Your products are your diary.
Every tried to keep a journal? Write down your thoughts at the end of each day, week, or even month? Ever lose that diary, lose interest in writing in it, or just forget to write for months or years at a time? While keeping a journal is a great routine and habit that allows you valuable, personal time for introspection, reflection, and documentation of your life, it’s often a routine that we give up before really getting underway.
Many people feel engaged when actively creating. Creating words on the page, a meal, a piece of furniture for the house, a painting, or anything else provides the kind of fulfillment most of us don’t always find in the office. When your work is 100%, 90% or even 10% driven by someone else’s (a boss’s) desires and motivations, it’s 100%, 90%, or 10% unfulfilling. If you’re anything like the 87% of workers worldwide who, as Gallup puts it, ‘are emotionally disconnected from their workplaces and less likely to be productive’ (a.k.a unhappy at work), think about putting your own name on something.
Once you’ve created something yourself, you’ll not only enjoy a new kind of fulfillment but create an interactive journal of your life. Looking back on songs you wrote, canvases you painted, or gardens you fertilized, you’ll see, touch, and re-experience the products you made and the times during which you made them.
You know how you can hear a song and remember exactly where you were the first time you heard it? Looking back on your products will let you re-experience the situations, emotions, and states of mind of the process of creating something by your own abilities and motivations.
Your time is worth money.
It’s true. Whether through education, exercise, research, or side-hustling, your time is money.
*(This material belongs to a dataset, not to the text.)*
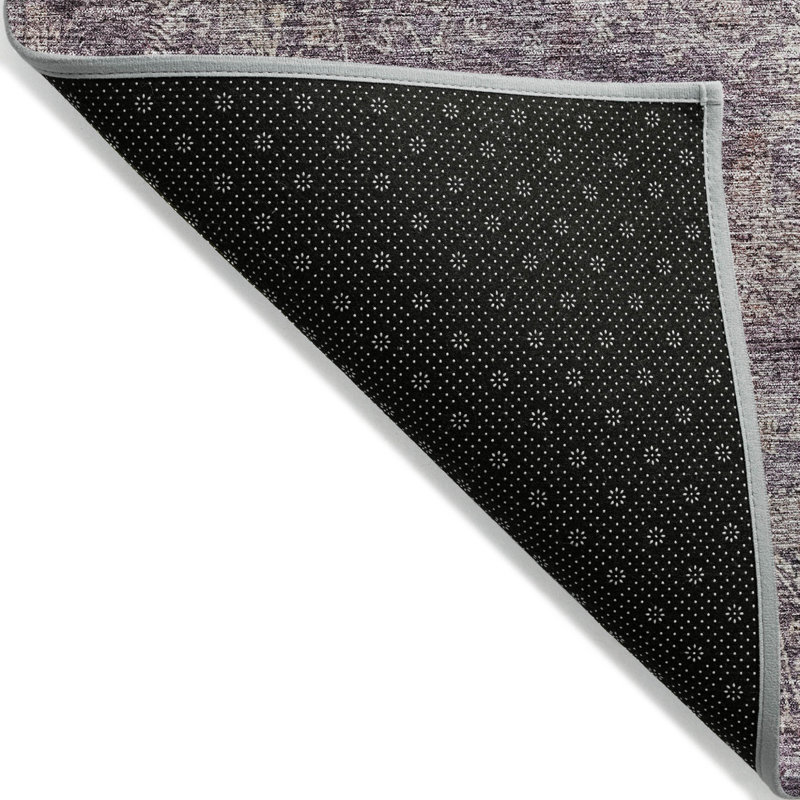 Tapis extérieur lavable floral prune et lavande 5 pi x 8 pi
With education, you’re making an investment in human capital. Your human capital is your potential, your opportunities. Investing in education is increasing the power of your brain, increasing your vocational qualifications, and usually increasing your network. That investment in human capital will pay off in the satisfaction of having improved your brain as well as a higher-paying job, a more fulfilling career, and maybe an adjusted set of values.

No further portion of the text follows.